A Blustery Friday!

Posted on: 6:36 am, September 6, 2012, by , updated on: 08:40am, September 6, 2012

clouds

Well some great weather is coming up over the next 5-7days with one speed bump ahead and that would be tomorrow. Today though will be great with lower humidity/dewpoints and typically warm late summer highs near 90. Average by the way is 83.

The early AM weather map is showing a stationary front across Central MO and SE KS. This is the same front that moved through the region yesterday sweeping the higher dewpoints (humidity) to the south. As expected the front has stalled and now will slowly start retreating ahead of a stronger Canadian front that will be moving in tomorrow.

The Canadian front in question by later today will be located across the upper Midwest. Here is the RAP for forecast for that time from, showing the forecasted frontal location.
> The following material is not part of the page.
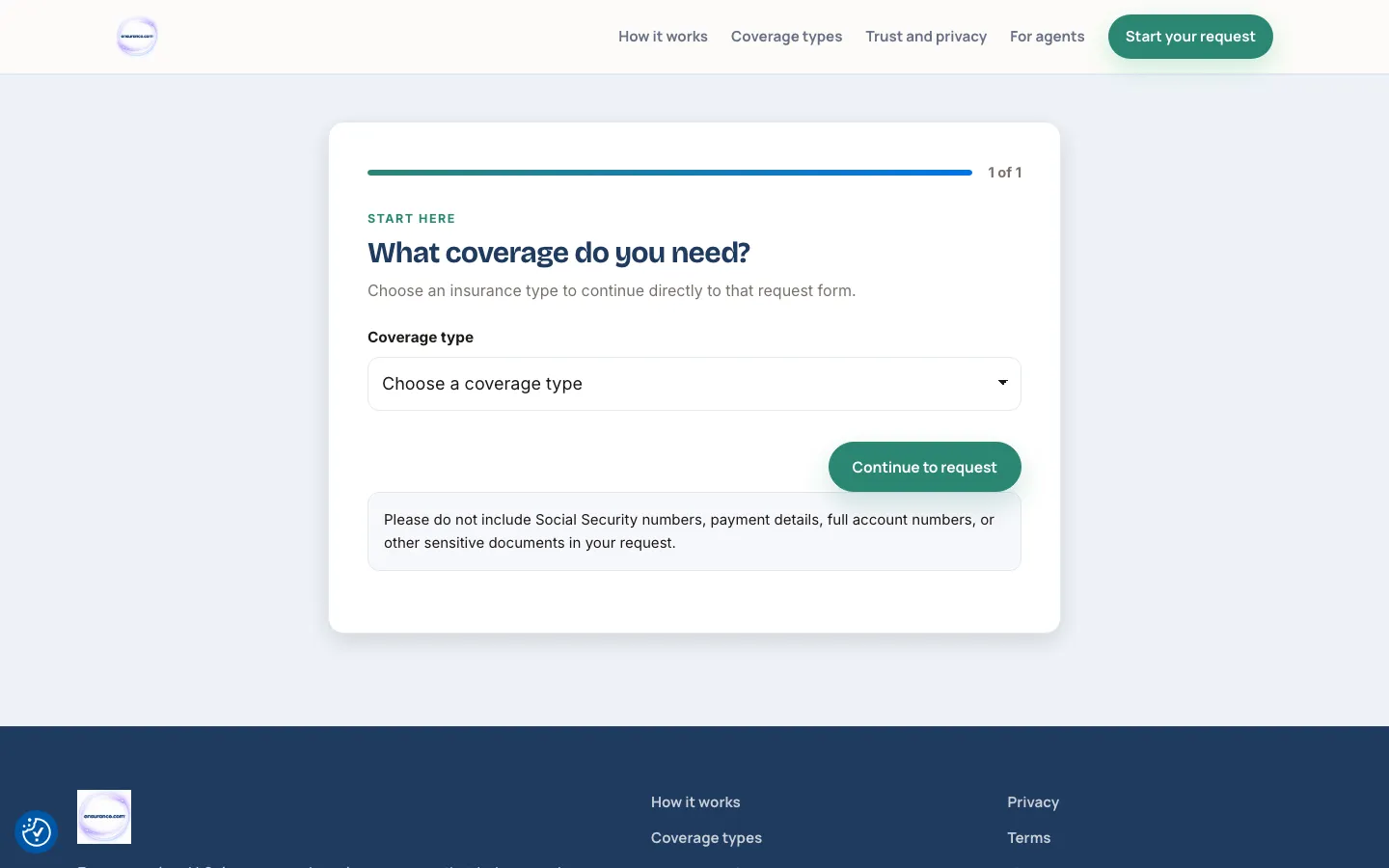 The protected request flow: choose the coverage you need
As that front moves our way, the surface winds will shift more towards the SE/S and allow some of the higher dewpoints from the south to move back towards us. Aloft there will be some energy as well to help destabilze things, so at least some t/storms are expected to form later tonight and early tomorrow. The activity will not be widespread.
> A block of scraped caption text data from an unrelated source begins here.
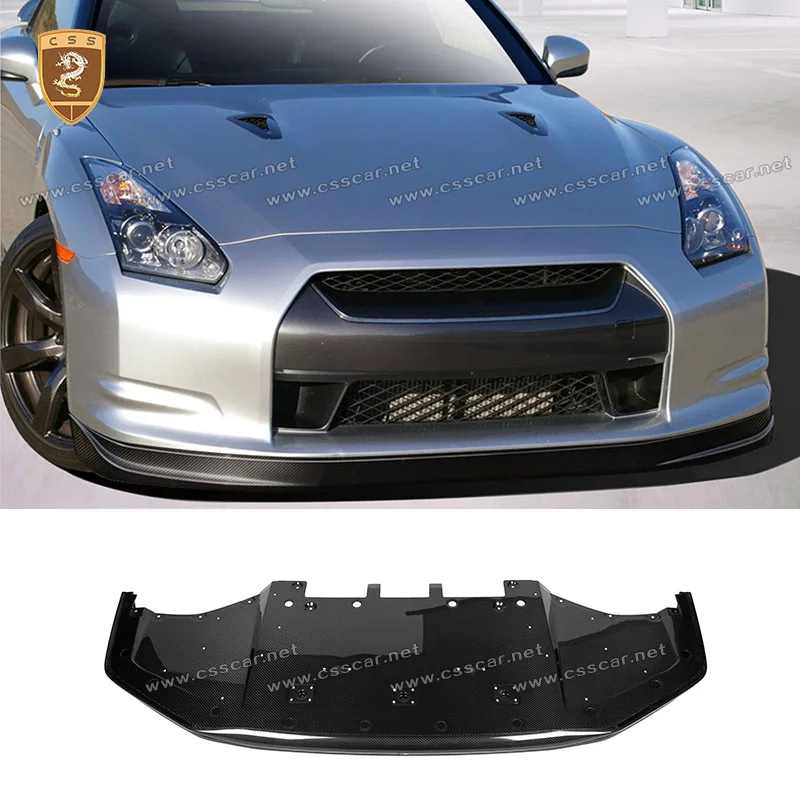 

Передний бампер, спойлер, нижняя защита лезвия, разделитель губ, обвесы из углеродного волокна для NISSAN GTR OEM, запасная часть автомобиля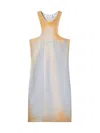 Off-white Laundry Rib Rowing Mini Dress In Multi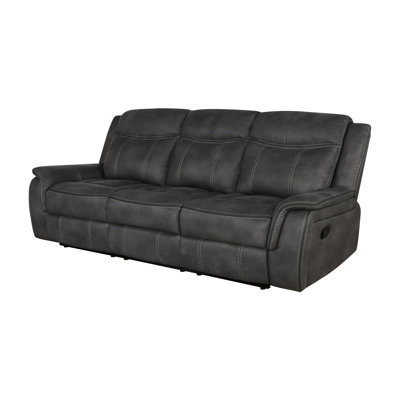 Lars 84.35'' Pillow Top Arm Reclining Sofa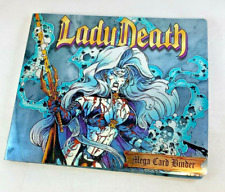 LADY DEATH CHAOS COMICS (1997 Krome) Complete MEGA CARD SET in BINDER (#1-#36) picture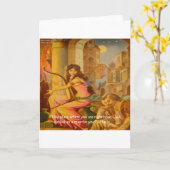 Hafiz "Gods Cirkel" Wisdom Citaat Kaart (Gele Bloem)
Then when the front moves in tomorrow, after perhaps seeing highs near 75, the cooler air will win the fight and temperatures may actually drop as the day moves along. With rain/showers in the area we may be in the 60s for awhile. Some of the new data also indicates that we may see some breaks in the clouds later in the day. Regardless it may be rather blustery for a few hours tomorrow as all this unfolds.

Rainfall amounts at this point don’t look overly impressive. We are soooo lucky we got that rain from Isaac! Here is one of our Microcast models showing average amounts between 1/10 and 5/10″ of rainfall.

Click on that image to make it larger.

Again the weekend looks great. I did bump up Sunday’s high a bit because I have this feeling that things are moving a bit faster and that we might be setting up for a nice downslope warming day as the air descends from the western Plains through the region. Again we’ll start chilly…40s. The record by the way is 46 I think set back in 2008.  From there we shoot for highs 80-85 or so.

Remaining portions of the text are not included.